Awans do europejskich pucharów najbardziej ułatwia dobry ranking własny i rozstawienia w poszczególnych rundach kwalifikacji. Lech jest w tej chwili drugą w Polsce po Legii drużyną umieszczoną najwyżej w rankingu klubowym. Znajduje się w jego pierwszej setce i ma 19 punktów uzbieranych na przestrzeni ostatnich pięć lat. Kluczem do tej punktacji był oczywiście sezon 2022/23, w którym "Kolejorz" dotarł do ćwierćfinału Ligi Konferencji. Raków, który w fazie grupowej europejskich rozgrywek grał tylko raz (bez sukcesów w Lidze Europy), punktów nazbierał niewiele, tylko osiem. To właśnie ta różnica w rankingu i punktach determinuje teraz, jakie dana drużyna będzie miała kwalifikacje w bitwie o Europę.

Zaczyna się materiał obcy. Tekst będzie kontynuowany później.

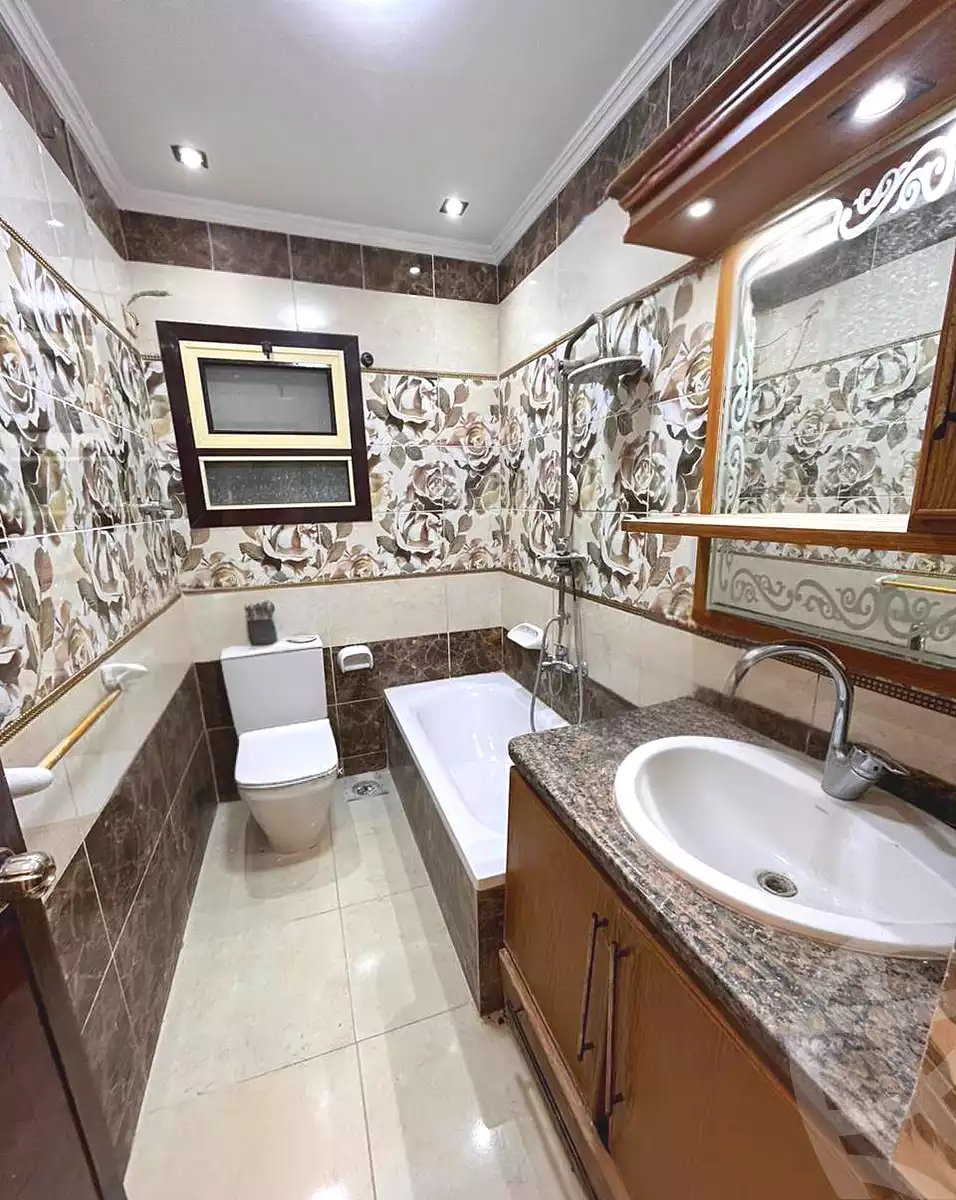 https://aqarmap.com.eg/ar/listing/6675379-for-sale-alexandria-l-jmy-lbytsh-el-reyad-st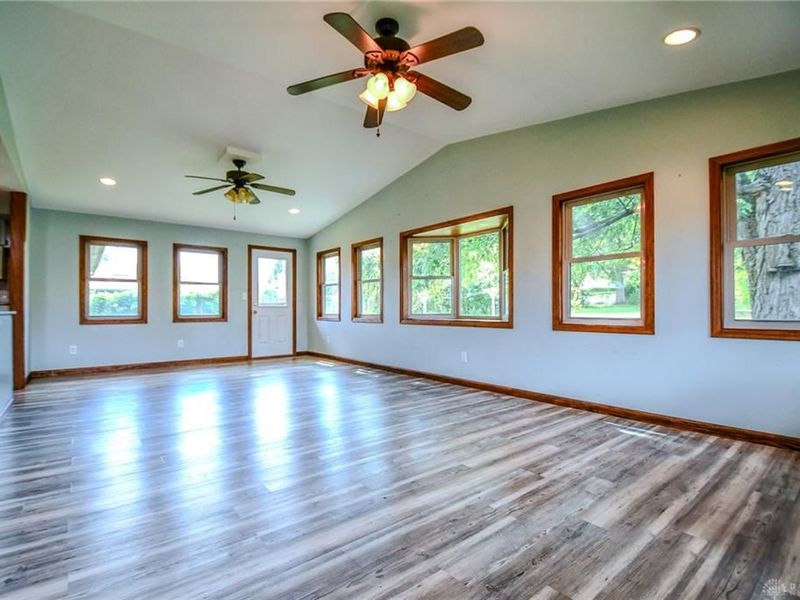 7240 Stonehurst Drive, Huber Heights, OH 45424 Photo 13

Dla przykładu: mistrz Polski walkę o Ligę Mistrzów zacznie od drugiej rundy eliminacji. Lech będzie tam rozstawiony. Na dzień dobry uniknie dzięki temu rywali typu Crvena zvezda, FC Kopenhaga, czy Dinamo Zagrzeb, z którymi mógłby się mierzyć nierozstawiony Raków. Lech może natomiast liczyć na drużyny pokroju Żalgirisu Wilno, czy Drity Gnjilane. Różnica poziomów jest znaczna, a to przecież kluczowa runda. jeżeli polska drużyna ją przejdzie, w praktyce będzie miała zapewnioną grę na jesieni co najmniej w Lidze Konferencji. To oznacza z kolei sporą szansę na punkty do rankingu osobistego, ale też umacnianie naszego rankingu ligowego. Polska po znakomitym sezonie 2024/25 awansowała w nim na 15. miejsce. W przyszłym sezonie daje ono możliwość gry pięciu naszych klubów w el. europejskich pucharów, w tym dwóch o Ligę Mistrzów. W rankingu ligowym jest jednak ciasno i by utrzymać 15. lokatę najbezpieczniej mieć dwie drużyny, które do europejskich pucharów się dostaną i nie zostaną w nich kompletnie rozbite. Warto też popatrzeć przed siebie. 14. pozycja rankingu daje możliwość umieszczenia mistrza Polski bezpośrednio w IV rundzie el. Ligi Mistrzów. To jeszcze bardziej zwiększa szansę na najbardziej prestiżowe rozgrywki.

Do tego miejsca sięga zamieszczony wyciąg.